A. Name: SRV records have a unique system for naming. The naming system is an underscore followed by the name of the service, followed by a period, an underscore, then the protocol, another dot, and then the name of the domain (automatically appended to the name field of the record). An example would be: _http._tcp.example.com. would be the service record for web requests for the example.com domain.
B. TTL: Time to Live, measured in seconds, determines how long the record is cached in resolvers. For more information on best practices for TTLs, click here.
C. Disable Record: Information on the NX Domain feature can be found in the Disabling a Record tutorial.

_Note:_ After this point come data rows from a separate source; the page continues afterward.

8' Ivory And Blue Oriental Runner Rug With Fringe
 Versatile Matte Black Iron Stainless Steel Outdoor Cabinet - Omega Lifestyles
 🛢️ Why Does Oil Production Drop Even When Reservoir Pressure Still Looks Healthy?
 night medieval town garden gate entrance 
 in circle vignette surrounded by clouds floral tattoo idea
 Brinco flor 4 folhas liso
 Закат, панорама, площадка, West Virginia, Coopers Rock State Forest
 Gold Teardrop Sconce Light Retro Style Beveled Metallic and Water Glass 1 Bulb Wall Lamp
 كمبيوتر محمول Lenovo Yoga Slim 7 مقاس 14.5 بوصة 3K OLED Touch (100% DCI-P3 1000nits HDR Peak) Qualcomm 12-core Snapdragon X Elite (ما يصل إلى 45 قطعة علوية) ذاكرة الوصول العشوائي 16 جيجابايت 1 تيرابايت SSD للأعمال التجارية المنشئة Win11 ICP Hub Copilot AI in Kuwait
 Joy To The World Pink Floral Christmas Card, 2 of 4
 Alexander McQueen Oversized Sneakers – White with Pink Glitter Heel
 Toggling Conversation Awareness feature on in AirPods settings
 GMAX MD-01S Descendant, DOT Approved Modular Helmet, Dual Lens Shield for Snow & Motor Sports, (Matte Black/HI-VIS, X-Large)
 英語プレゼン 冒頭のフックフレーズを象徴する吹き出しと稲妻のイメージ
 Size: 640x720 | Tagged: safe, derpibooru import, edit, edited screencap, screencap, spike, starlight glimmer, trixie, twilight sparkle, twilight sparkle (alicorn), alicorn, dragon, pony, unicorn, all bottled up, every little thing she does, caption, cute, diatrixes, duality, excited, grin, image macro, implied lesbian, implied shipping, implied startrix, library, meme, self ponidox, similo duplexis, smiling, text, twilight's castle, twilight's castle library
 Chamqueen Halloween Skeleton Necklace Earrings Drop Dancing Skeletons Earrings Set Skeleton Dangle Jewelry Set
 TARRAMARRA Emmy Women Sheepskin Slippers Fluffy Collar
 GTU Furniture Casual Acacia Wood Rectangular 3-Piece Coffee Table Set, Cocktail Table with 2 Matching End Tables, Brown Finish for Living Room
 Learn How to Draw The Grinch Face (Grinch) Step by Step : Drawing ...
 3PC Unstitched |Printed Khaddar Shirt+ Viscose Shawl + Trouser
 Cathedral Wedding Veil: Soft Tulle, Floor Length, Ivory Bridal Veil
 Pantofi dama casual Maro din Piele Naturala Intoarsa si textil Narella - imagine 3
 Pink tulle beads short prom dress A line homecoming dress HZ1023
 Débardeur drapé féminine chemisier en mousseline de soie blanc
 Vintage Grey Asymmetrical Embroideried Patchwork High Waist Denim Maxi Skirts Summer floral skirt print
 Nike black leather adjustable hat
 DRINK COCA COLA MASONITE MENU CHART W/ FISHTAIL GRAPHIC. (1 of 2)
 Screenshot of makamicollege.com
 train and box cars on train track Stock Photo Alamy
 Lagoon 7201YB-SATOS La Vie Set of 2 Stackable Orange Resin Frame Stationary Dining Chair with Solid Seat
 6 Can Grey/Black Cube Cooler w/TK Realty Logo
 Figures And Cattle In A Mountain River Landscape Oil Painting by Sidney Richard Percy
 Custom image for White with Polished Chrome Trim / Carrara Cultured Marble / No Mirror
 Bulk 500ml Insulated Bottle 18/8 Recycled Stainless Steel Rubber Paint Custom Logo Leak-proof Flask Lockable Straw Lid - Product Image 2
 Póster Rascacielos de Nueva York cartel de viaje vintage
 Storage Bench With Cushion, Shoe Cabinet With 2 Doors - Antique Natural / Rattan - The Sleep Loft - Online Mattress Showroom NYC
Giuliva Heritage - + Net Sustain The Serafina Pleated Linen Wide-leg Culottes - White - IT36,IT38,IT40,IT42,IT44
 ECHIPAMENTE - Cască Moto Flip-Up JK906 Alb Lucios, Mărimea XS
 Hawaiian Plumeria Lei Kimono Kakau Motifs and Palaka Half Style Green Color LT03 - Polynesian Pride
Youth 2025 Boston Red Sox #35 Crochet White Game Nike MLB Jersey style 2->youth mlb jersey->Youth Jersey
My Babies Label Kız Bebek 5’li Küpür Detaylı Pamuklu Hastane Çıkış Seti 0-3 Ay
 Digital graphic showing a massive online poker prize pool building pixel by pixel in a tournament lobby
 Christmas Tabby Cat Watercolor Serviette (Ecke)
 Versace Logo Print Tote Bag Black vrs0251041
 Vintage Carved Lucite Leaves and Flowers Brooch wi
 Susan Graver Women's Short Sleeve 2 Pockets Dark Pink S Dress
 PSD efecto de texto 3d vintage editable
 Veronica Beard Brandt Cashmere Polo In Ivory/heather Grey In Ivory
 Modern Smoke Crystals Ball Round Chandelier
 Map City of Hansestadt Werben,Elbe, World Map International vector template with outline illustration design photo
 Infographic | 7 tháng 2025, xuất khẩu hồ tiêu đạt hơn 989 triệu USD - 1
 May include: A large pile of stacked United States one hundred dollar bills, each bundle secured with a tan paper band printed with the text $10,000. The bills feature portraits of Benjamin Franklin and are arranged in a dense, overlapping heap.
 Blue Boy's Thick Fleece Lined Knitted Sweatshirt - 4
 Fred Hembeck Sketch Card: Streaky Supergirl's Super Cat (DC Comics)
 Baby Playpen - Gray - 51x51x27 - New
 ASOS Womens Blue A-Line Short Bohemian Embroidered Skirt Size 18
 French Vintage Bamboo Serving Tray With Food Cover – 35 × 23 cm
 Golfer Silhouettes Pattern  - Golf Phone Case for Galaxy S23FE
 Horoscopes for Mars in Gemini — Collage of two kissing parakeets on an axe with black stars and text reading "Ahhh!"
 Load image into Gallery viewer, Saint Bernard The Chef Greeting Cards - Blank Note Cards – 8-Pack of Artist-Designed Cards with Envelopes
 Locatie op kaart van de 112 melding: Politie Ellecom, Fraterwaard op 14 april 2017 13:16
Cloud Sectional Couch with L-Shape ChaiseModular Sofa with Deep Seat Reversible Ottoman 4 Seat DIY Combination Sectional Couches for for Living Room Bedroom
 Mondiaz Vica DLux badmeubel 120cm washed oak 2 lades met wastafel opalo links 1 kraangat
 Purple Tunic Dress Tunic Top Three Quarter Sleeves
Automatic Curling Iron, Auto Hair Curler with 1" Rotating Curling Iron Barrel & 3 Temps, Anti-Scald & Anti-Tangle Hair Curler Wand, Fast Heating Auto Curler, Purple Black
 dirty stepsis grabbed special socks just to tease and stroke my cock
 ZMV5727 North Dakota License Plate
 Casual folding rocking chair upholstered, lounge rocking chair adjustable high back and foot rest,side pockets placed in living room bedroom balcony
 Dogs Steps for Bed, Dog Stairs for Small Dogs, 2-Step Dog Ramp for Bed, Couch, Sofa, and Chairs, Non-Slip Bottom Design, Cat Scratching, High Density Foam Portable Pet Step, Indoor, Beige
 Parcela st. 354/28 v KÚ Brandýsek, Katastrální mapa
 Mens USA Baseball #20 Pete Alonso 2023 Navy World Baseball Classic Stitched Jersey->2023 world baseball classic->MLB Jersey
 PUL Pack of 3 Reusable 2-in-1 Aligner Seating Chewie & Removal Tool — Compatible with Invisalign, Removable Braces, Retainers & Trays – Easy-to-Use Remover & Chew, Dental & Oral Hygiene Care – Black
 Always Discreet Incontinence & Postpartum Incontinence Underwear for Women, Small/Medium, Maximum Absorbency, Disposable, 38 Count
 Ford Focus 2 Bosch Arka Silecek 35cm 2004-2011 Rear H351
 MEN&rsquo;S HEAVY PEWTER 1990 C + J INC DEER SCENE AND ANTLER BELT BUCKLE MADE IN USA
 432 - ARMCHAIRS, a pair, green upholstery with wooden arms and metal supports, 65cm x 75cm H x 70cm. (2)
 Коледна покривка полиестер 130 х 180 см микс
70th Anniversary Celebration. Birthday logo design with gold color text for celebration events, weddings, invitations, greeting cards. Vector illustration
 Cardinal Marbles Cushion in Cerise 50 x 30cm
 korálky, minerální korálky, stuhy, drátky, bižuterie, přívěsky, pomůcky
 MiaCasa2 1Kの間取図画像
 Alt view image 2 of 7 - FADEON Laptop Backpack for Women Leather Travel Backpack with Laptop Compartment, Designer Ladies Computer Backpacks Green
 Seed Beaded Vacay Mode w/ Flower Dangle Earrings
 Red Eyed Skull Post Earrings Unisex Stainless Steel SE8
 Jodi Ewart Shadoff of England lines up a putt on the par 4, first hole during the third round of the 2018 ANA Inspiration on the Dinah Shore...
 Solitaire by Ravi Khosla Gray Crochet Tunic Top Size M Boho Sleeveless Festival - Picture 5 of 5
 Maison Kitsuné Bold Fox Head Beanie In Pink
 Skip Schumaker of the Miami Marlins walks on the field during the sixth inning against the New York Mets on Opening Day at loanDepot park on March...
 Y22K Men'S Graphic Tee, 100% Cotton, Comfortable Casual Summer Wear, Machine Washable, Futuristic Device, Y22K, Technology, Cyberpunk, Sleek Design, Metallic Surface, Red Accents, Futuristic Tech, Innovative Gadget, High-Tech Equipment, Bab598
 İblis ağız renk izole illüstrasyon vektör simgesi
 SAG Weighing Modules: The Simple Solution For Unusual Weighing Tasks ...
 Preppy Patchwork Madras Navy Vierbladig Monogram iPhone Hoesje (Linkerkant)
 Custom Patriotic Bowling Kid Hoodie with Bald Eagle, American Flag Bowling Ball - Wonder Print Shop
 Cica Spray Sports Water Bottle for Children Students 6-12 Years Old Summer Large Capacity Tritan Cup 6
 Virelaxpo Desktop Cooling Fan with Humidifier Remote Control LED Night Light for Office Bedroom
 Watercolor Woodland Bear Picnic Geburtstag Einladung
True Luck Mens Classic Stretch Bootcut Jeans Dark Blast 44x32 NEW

D. Priority: The priority functions in the same way as the MX Level does in MX Records. The lower the number in the priority field, the higher the preference of the associated target. 0 is the highest priority (lowest number).
E. Weight: The weight of the record allows an administrator to distribute load to multiple targets (load balance). It is used to determine relative capacity and load between two SRV fields within the same priority, hits will be assigned proportionately by weight. This can also allow the administrators to have a powerful and weak server and share the appropriate loads between those systems. 0 is the lowest load.
F. Port: The port of the service offered.
G. Host: The system that will receive the service.

H. Notes: Add a helpful note with keywords so you can search for your records later.
I. Save: Save your record changes and don’t forget to commit your changes after you’re done making record changes for this domain!